**What the task requires**
An exact copy of each line below is needed, with no images in it.

Image-caption web data
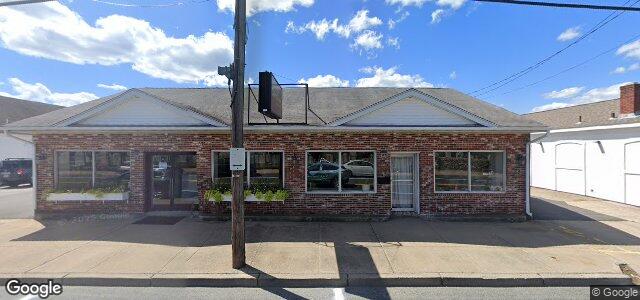 Larawan ng 110 Smithfield Avenue sa Winnipeg, Manitoba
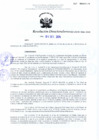 Vista preliminar de documento RESOLUCION DIRECTORAL - 162-2014-INIA-OGA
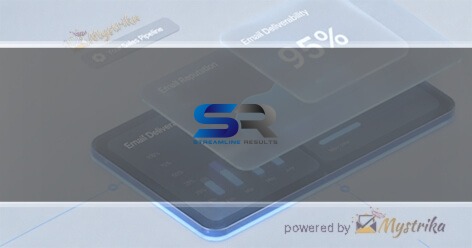 Streamline Results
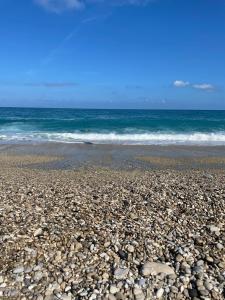 Galeriebild der Unterkunft FS Apartment Studio 1 Cozy Coastal Barahona Stay in Santa Cruz de Barahona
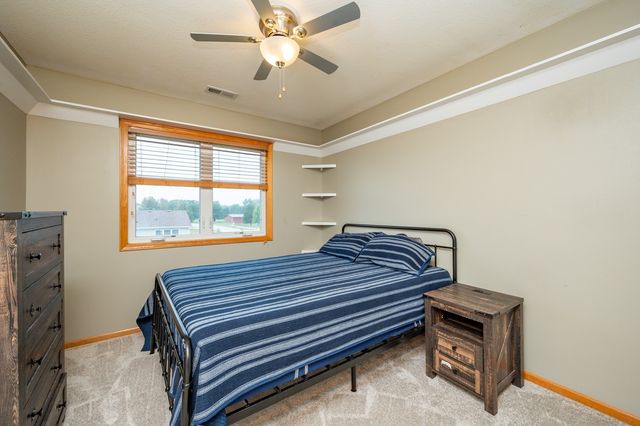 200 SE Dorr Court, Pleasant Hill, IA 50327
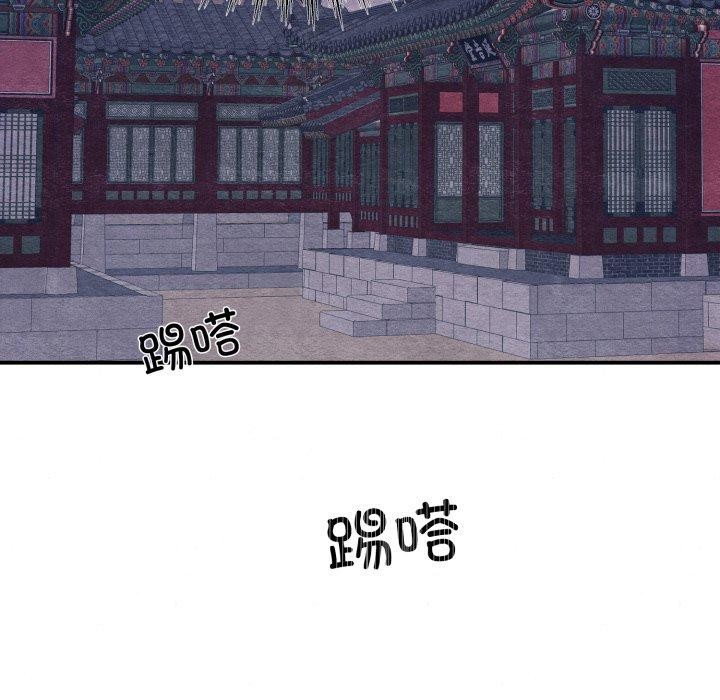 第145話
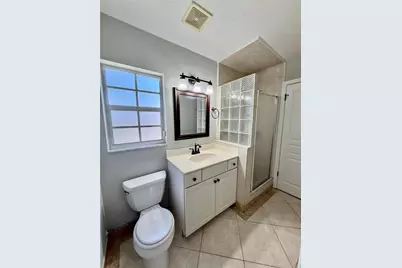 1625 Tioga Trail, Winter Park, FL 32789 - Photo 31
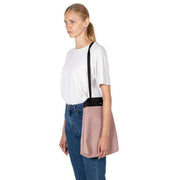ucon-acrobatics-lotus-una-shoulder-bag---rose-pink-35910853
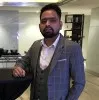 hitesh solanki
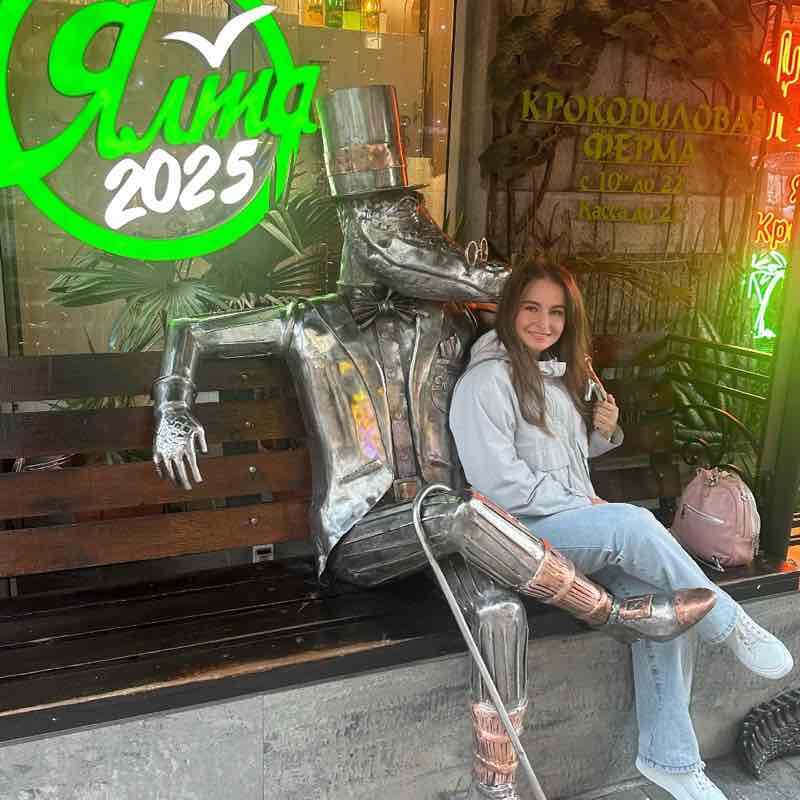 🍀🌸Татьяна 🍀🌸🦔 post 1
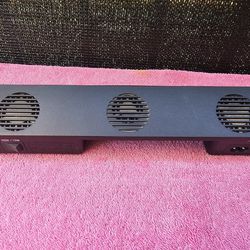 PlayStation 3 Slim PS3 Nyko Console Intercooler Fans Item #83070-A50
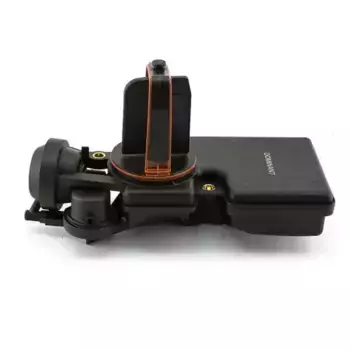 Регулятор воздуха впускного коллектора BW110617544806 DOMINANT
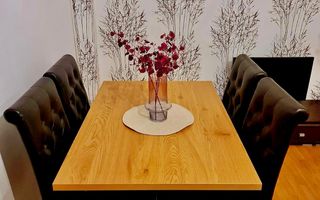 VANZARE APARTAMENT 2 CAMERE 56MP OZANA PALLADY BLOC 2009 - Poză 4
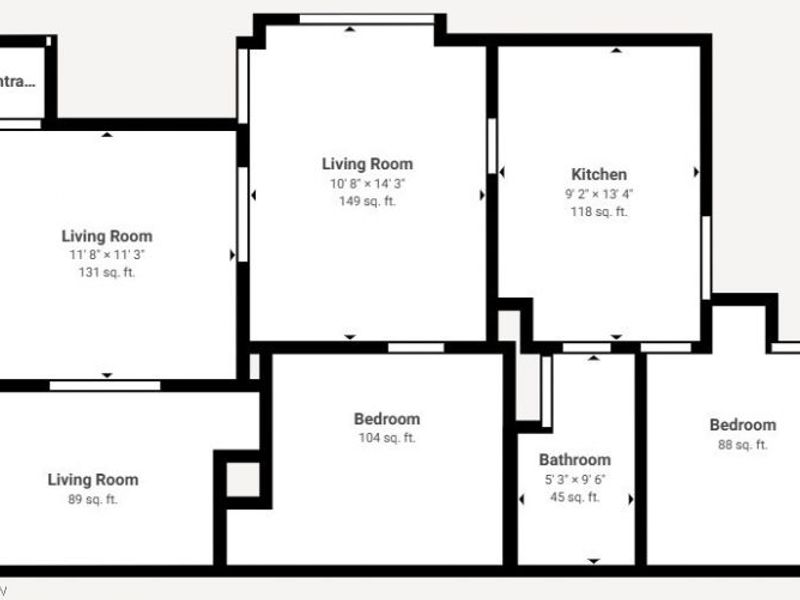 3735 W 47th Place, Cleveland, OH 44102 Photo 20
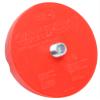 CanDo 10-176 MVP Balance System, Level 2, Red view 3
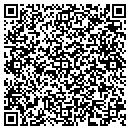 QR code with Pager Plus One contacts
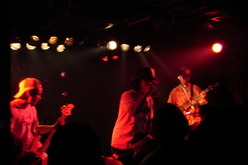 Fight It Out / At One Stroke / Various Japanese bands on Dec 8, 2007 [550-small]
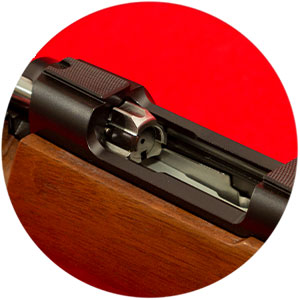 Sako-85-Varmint-Bolt-Habitat-Africa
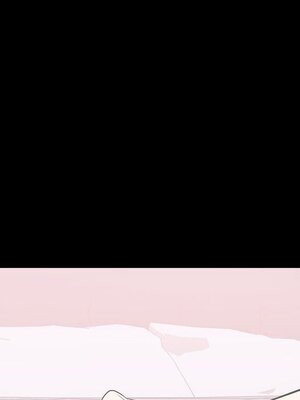 上流社會的女人／豪門千金的男人 1-24話[完結]_008103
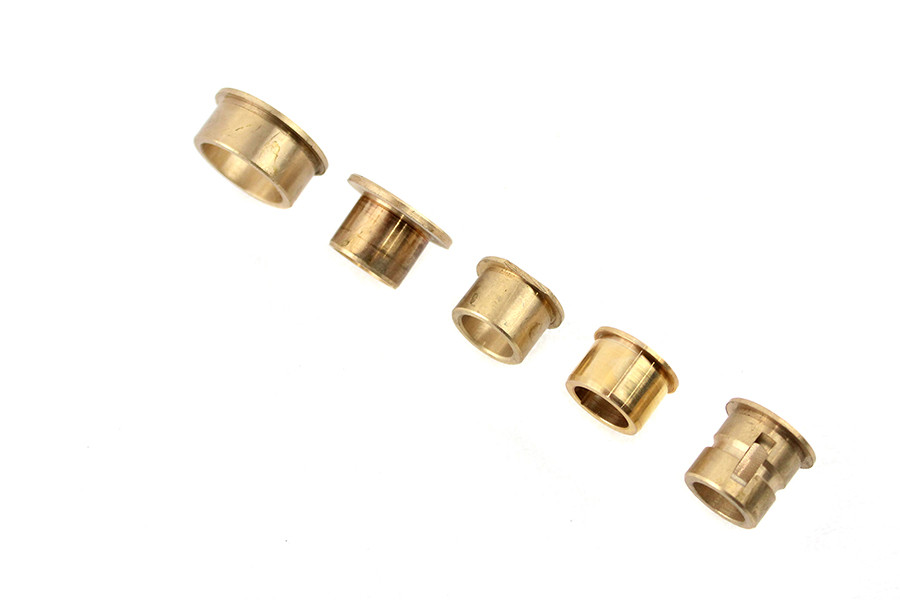 Eastern - Cam Cover Bushing Set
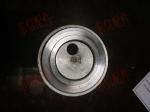 YTO diesel engine parts tightening wheel assembly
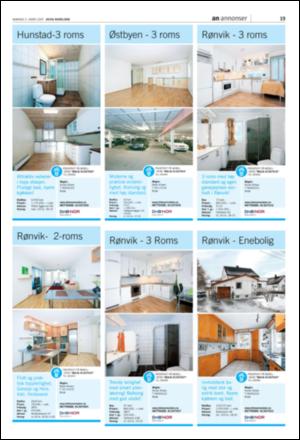 avisanordland_naravis-20070305_000_00_00_019.pdf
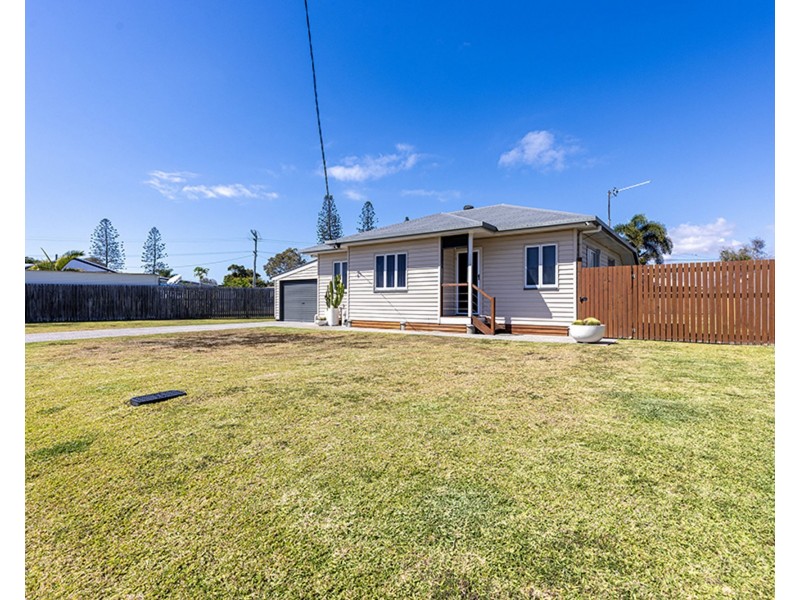 9 Edward Street, South Mackay QLD 4740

**Output for this exercise**
 Larawan ng 110 Smithfield Avenue sa Winnipeg, Manitoba
 Vista preliminar de documento RESOLUCION DIRECTORAL - 162-2014-INIA-OGA
 Streamline Results
 Galeriebild der Unterkunft FS Apartment Studio 1 Cozy Coastal Barahona Stay in Santa Cruz de Barahona
 200 SE Dorr Court, Pleasant Hill, IA 50327
 第145話
 1625 Tioga Trail, Winter Park, FL 32789 - Photo 31
ucon-acrobatics-lotus-una-shoulder-bag---rose-pink-35910853
 hitesh solanki
 🍀🌸Татьяна 🍀🌸🦔 post 1
 PlayStation 3 Slim PS3 Nyko Console Intercooler Fans Item #83070-A50
 Регулятор воздуха впускного коллектора BW110617544806 DOMINANT
 VANZARE APARTAMENT 2 CAMERE 56MP OZANA PALLADY BLOC 2009 - Poză 4
 3735 W 47th Place, Cleveland, OH 44102 Photo 20
 CanDo 10-176 MVP Balance System, Level 2, Red view 3
 QR code with Pager Plus One contacts
 Fight It Out / At One Stroke / Various Japanese bands on Dec 8, 2007 [550-small]
 Sako-85-Varmint-Bolt-Habitat-Africa
 上流社會的女人／豪門千金的男人 1-24話[完結]_008103
 Eastern - Cam Cover Bushing Set
 YTO diesel engine parts tightening wheel assembly
 avisanordland_naravis-20070305_000_00_00_019.pdf
 9 Edward Street, South Mackay QLD 4740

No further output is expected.